> **Try it**: Search the entries for the word "then" and report each line that has it.

> **Provided data**:
* * * * *
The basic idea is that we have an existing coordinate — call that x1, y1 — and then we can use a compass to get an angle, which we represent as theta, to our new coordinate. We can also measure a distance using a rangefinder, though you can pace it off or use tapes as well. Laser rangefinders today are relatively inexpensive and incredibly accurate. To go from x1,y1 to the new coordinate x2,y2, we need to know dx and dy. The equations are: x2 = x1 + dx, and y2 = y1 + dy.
* * * * *
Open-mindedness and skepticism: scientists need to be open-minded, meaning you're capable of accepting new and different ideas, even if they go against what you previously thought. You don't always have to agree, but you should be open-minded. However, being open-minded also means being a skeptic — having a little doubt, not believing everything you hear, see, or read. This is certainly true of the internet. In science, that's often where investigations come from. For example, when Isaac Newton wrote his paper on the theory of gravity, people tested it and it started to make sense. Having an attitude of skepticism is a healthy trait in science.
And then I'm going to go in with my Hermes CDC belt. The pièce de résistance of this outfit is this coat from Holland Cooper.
* * * * *
> **Exercise output**:
The basic idea is that we have an existing coordinate — call that x1, y1 — and then we can use a compass to get an angle, which we represent as theta, to our new coordinate. We can also measure a distance using a rangefinder, though you can pace it off or use tapes as well. Laser rangefinders today are relatively inexpensive and incredibly accurate. To go from x1,y1 to the new coordinate x2,y2, we need to know dx and dy. The equations are: x2 = x1 + dx, and y2 = y1 + dy.
And then I'm going to go in with my Hermes CDC belt. The pièce de résistance of this outfit is this coat from Holland Cooper.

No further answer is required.